Apenas por estos días, que la gente va dejando de lado el tema del Mundial (el del baloncito aquel que hasta en WhatsApp nos salía), salió eso del mejor gol (muy merecido valga el momento). Bueno, para mí, ese lo hicieron desde adentro. Poco dejan a la imaginación. Qué tristeza ver tanta vaina junta, como lo del jugador aquel del equipo estadounidense (así por encimita). Y créanme, que, si hubiera sido Colombia, nos había tocado volver a invocar a Yépez. Ah, mentiras, de pronto a Sánchez.
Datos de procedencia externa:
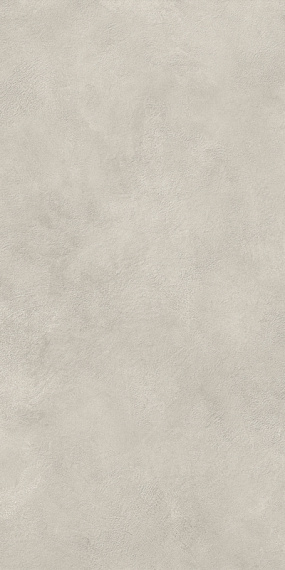 ПЛИТКА НАП. КЕРАМИЧ. BOOST EXPRESSION HAZE 60X120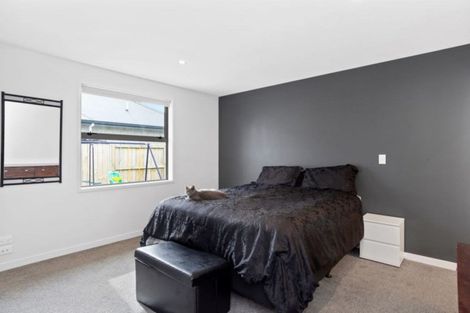 Photo of property in 26 Tuaia Street, Pyes Pa, Tauranga, 3112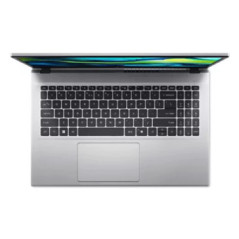 Acer Aspire Go 15 AG15-42P-R292 AMD Ryzen™ 7 5825U Computer portatile 39,6 cm (15.6") Full HD 16 GB DDR4-SDRAM 512 GB SSD Wi-Fi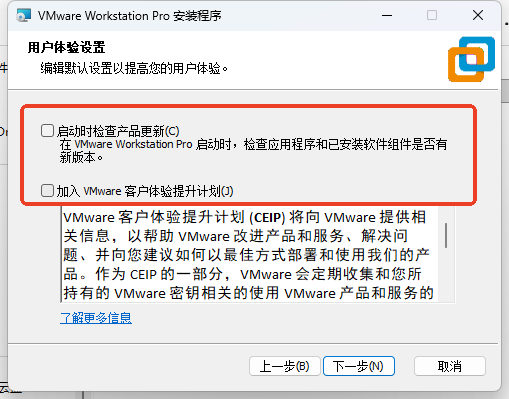 VM4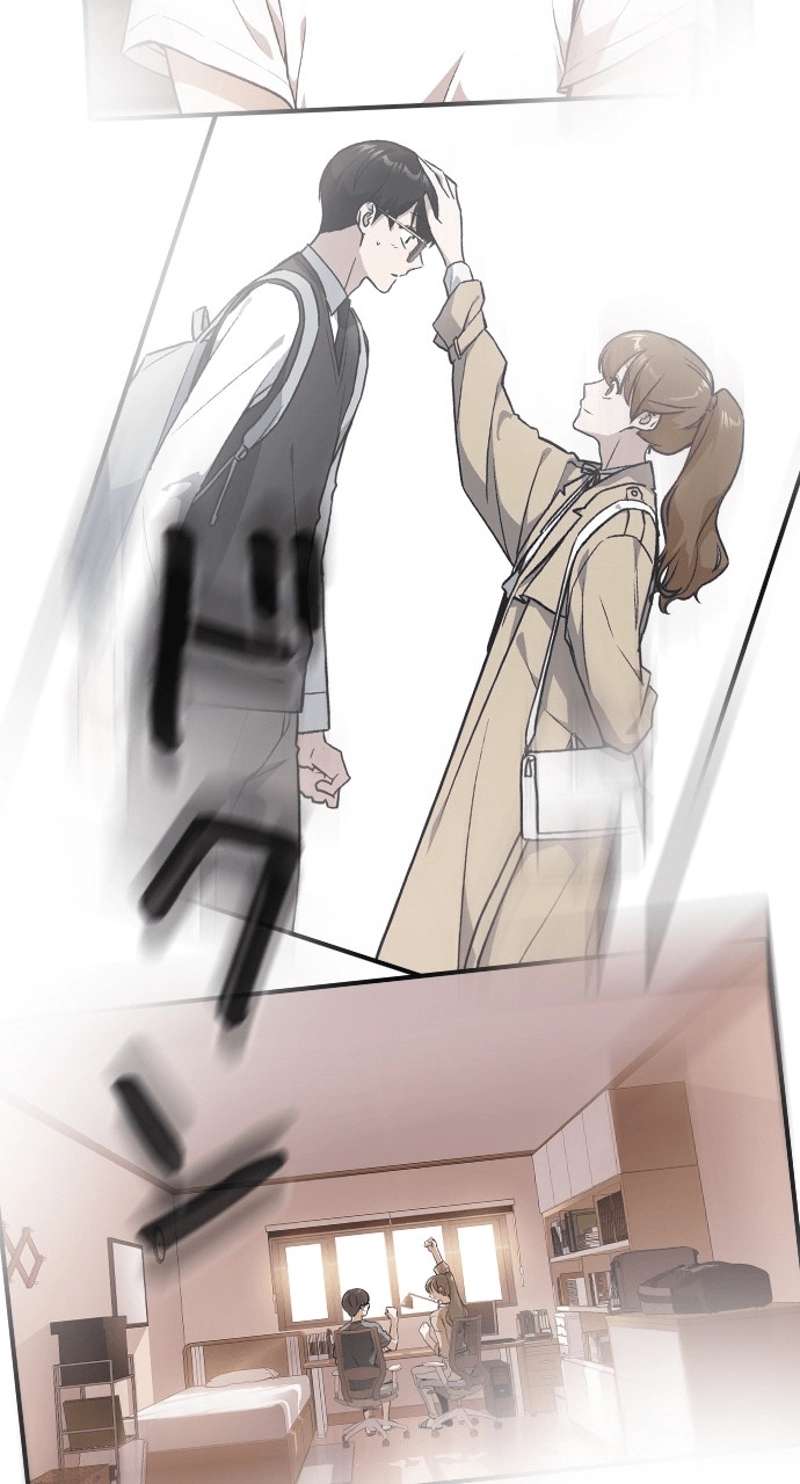 P81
Caro: “Tú, tranquila”. Porque eres la mejor. Y nada tienes que ver con fútbol. Gracias al cielo (y ojo, no quiero decir que esté en contra, por ejemplo, del hermoso fútbol femenino y sus derivados, o si no que lo digan nuestras Heroínas). Tampoco con apuestas. Eso sí, apuesto siempre por verla en lo más alto del podio, allá donde en cada oportunidad comenta que se prepara para llegar. Y que vengan mil triunfos más. En todo.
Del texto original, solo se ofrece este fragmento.